Day 132- Why do Women Always Want Other Women's Men?


Within this blog I will begin to work through the point of guilt that I have existed within and as throughout my life. Guilt is a point that has directed me very much in terms of my interaction with others in my life and world, at point that has had very much to do with how I experience/experienced myself as how I saw the myself as who and how I am, and it has led me down a destructive path of self-compromise as I constantly and continuously would attempt to ‘make up for’ who and how I am because I saw/see myself as ‘owing’ something to everyone. What I didn’t realize is that this debt that I perceived myself to exist as wasn’t something that could be ‘paid off’ through ‘paying it back’ to people and things outside myself. It is actually a self-created debt that is manifested through constantly giving myself away.

This is interesting because it demonstrates how guilt will perpetuate itself because in the attempt to ‘pay back what I had taken, I have been essentially giving more and more of myself away,
feeling more and more guilty and indebted, thus creating the experience of ‘giving up’, limitedness and feeling trapped and seeing only dead ends. It’s like, the more I tried, the worse it got.

The point of ‘guilt’ is multi-faceted. I had/have manifested this point within myself through interacting with myself and others in such a way that did not honour myself and others as myself. If I can’t/don’t honour myself, I can’t/don’t honour others as me. Due to the factthat I was unaware of the extent of self-interest that was my starting point within
relationships, I did not understand how I was creating more and more guilt in my life. Within this blog I am specifically looking at the guilt I created through relationships wherein, instead of treating my partners from a starting point of equality and oneness, meaning, treating them with the dignity and respect that I myself would like to receive, I would instead look for that dignity and respect from them without in fact giving it to myself and to them first. I am also looking at as this point in relation to giving as I would like to receive wherein, I have treated others, usually in secret, in ways in which I would never want to be treated. Also, I will b looking at the points of blame , which is an abdication of self-responsibility, as well as the resent that tends to manifest within my relationships.

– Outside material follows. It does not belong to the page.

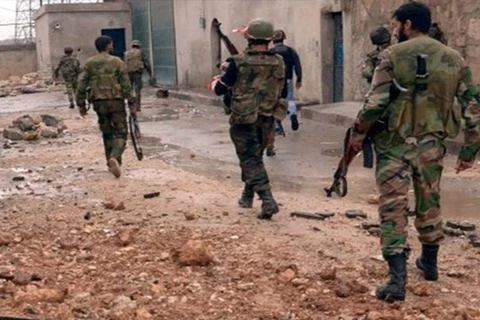 Quân đội Syria ở khu vực Đông Ghouta. (Nguồn: Almasdarnews.com)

To begin, I will be looking at early relationships in my life, starting with looking at why I chose the specific individals I ended up with.
A repeating pattern within the beginning of relationships has been becoming ‘interested’ in partners from a starting point of
competition with other women.

I forgive myself for
accepting and allowing myself to be/become attracted to males, to want/need/desire males, and to specifically focus in on and target a specific male, because of and due to the fact that I think/believe/perceive that ‘getting him’, ‘conquering’ him, manipulating and ‘seducing’ him would satisfy my need to feel superior to the women in my world with whom I am in competition- thus focusing in on and targeting men that others desire.

Women and Competition
competition between women
I forgive myself for accepting and allowing myself to view other women as my competition.
I forgive myself for accepting and allowing myself to separate myself from other women within and through seeing them as a threat and thinking/believing/perceiving that if I can compete with them and win in some way then I won’t have to fear being threatened by them, and thus not leading me to perceive myself as ‘less than’, ‘less-deserving’, and;less important’.
I forgive myself for accepting and allowing myself to use and abuse myself and my physical body by/through using physical appearance, body language, vocal tones, wording, gestures and clothing to be/become of utmost competition with other women- thus suppressing my natural expression as Who I Am, and instead conforming, contorting and manipulating myself to fit into the idea, perception, belief, picture presentation of myself that I judge as ‘of utmost competitiveness’- instead of seeing, realizing and understanding the self-abuse inherent in this as the absolute denial of myself and my self-expression, and the abuse towards others as the men I manipulate/use/abuse for the sake of my own personal energetic experience as an apparent ‘gain’ in self-interest, as well as abuse towards women in my world, as I support and promote competition instead of actual beneficial support towards other women, as understanding and empowerment, and equal and one communication and interaction.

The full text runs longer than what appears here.